Climate scientist Stephen Schneider of Stanford, who worked on the new analysis, admits that it is born of frustration with "climate deniers," such as physicist Freeman Dyson or geologist Ian Plimer, being presented as "equally credible" to his peers and granted "equal weight" as science assessments from the IPCC or U.S. National Academy of Sciences, both of which ascribe ongoing climate change to increasing concentrations of atmospheric greenhouse gases due to human activities. "We wanted to ask by objective measures, 'Who publishes the bulk of the new science in the refereed literature and gets cited the most: those who accept anthropogenic global warming or those who deny it?'" Schneider says.The paper, which marks the ignominious introduction of the term "climate denier" as a keyword in the PNAS, represents the triumph of blog war politics into mainstream academic publishing. The blog wars over climate change are notable for appeals to authority and efforts to delegitimize. For some in the scientific community the focus is, not just as Schneider states, on the "climate deniers" but also anyone who has a slightly different scientific or political perspective.

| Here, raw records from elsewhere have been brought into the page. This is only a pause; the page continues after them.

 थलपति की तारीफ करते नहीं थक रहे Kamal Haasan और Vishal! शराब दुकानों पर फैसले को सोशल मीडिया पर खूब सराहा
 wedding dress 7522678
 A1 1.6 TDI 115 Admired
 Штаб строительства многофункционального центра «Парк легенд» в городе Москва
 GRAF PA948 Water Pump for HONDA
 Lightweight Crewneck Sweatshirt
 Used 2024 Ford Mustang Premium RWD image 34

That these wars have influenced how academics behave was revealed in the stolen/leaked East Anglia emails. The PNAS paper takes the effort to an entirely new level by taking the work of a blogger seeking to delegitimize "climate deniers" and ginning up a-fancy-looking-but-deeply-flawed- impression of social science methodology and then getting it into PNAS. We see the IPCC being used not as a summary assessment of the community's views, but rather as a narrow litmus test of allegiance. In the bizzaro world of climate science one's credibility is judged by oaths of allegiance to the IPCC rather than having the IPCC reflect a distribution of individual views.

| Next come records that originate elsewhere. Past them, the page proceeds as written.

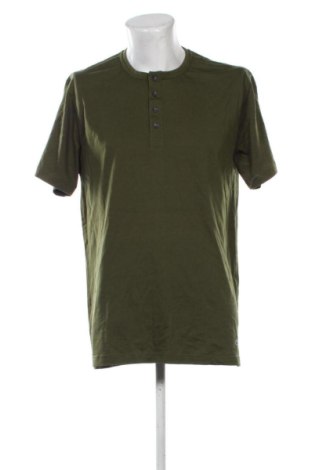 Pánske tričko  Tom Tailor, Veľkosť XXL, Farba Zelená, Cena  11,95 €, #137051379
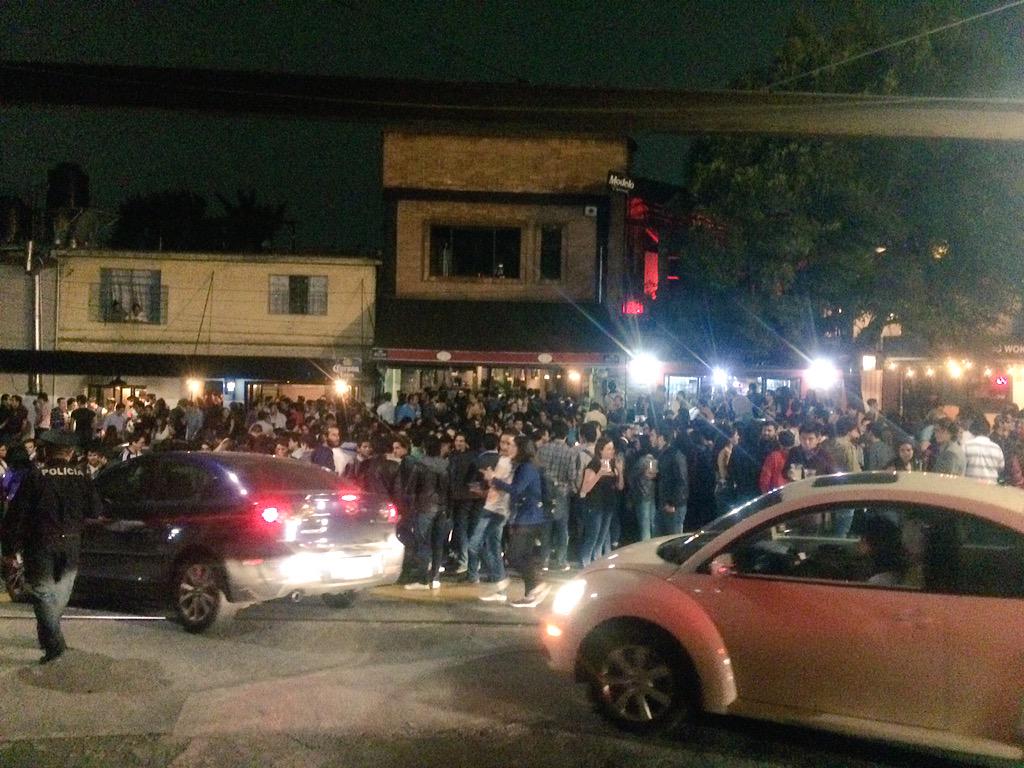 ¡Un éxito la fiesta! 🎉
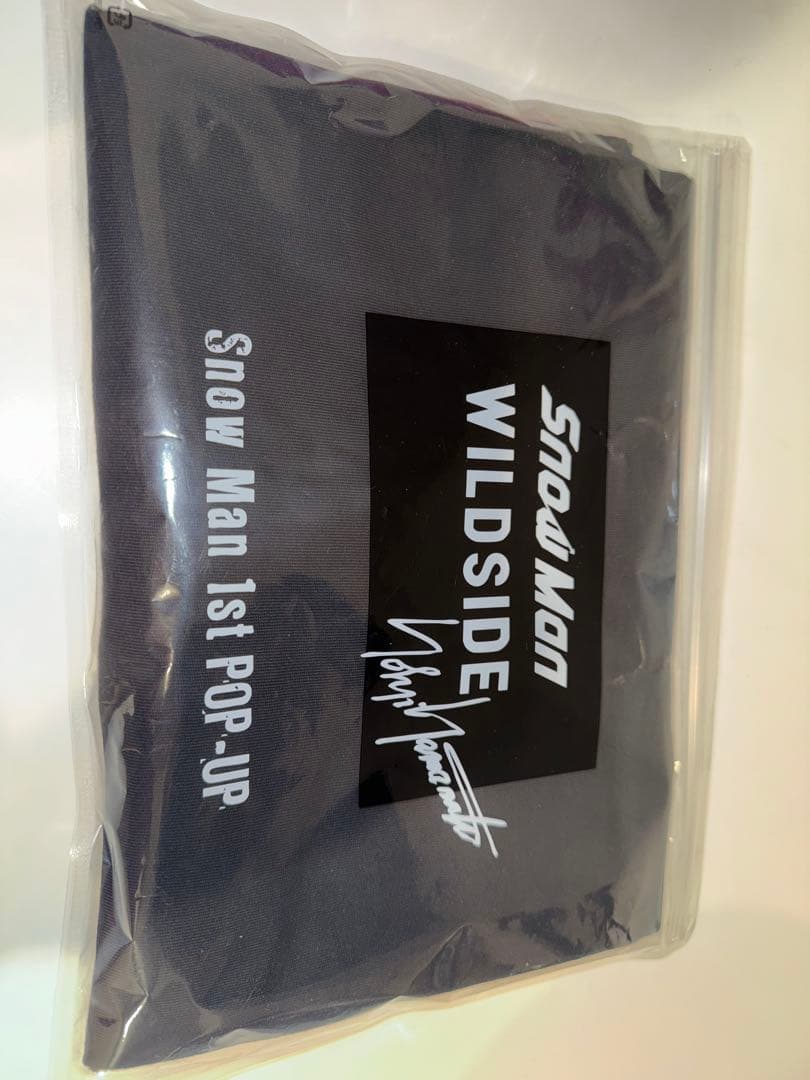 WILDSIDE ×  Man Tシャツ(日本限定版)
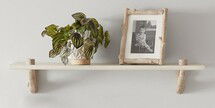 Online Designer Nursery Birch Shelf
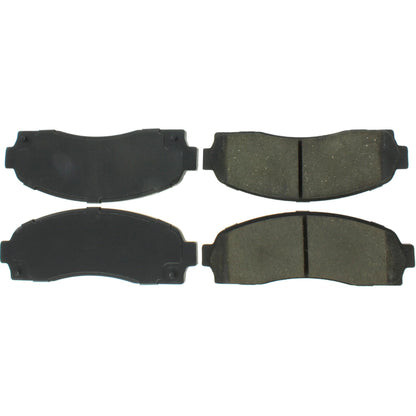 StopTech Sport Brake Pads With Shims And Hardware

The bottom line here is that if you want to engage in public debates over climate change, you had better get ready to wrestle in the mud (note that the image above is not a real climate scientist, but for illustrative purposes only). Avoiding the blogosphere, including efforts to delegitimize for expressing certain views, is less and less of an option because the blog wars are moving into academic discourse.
PS. Late addendum ... Note that Schneider wants to use the analysis to discredit specific individuals (Dyson, Plimer). Creating a list and then using it to discredit individuals based on the characteristics of the list is of course what it means to create a blacklist. Should individuals be judged individually?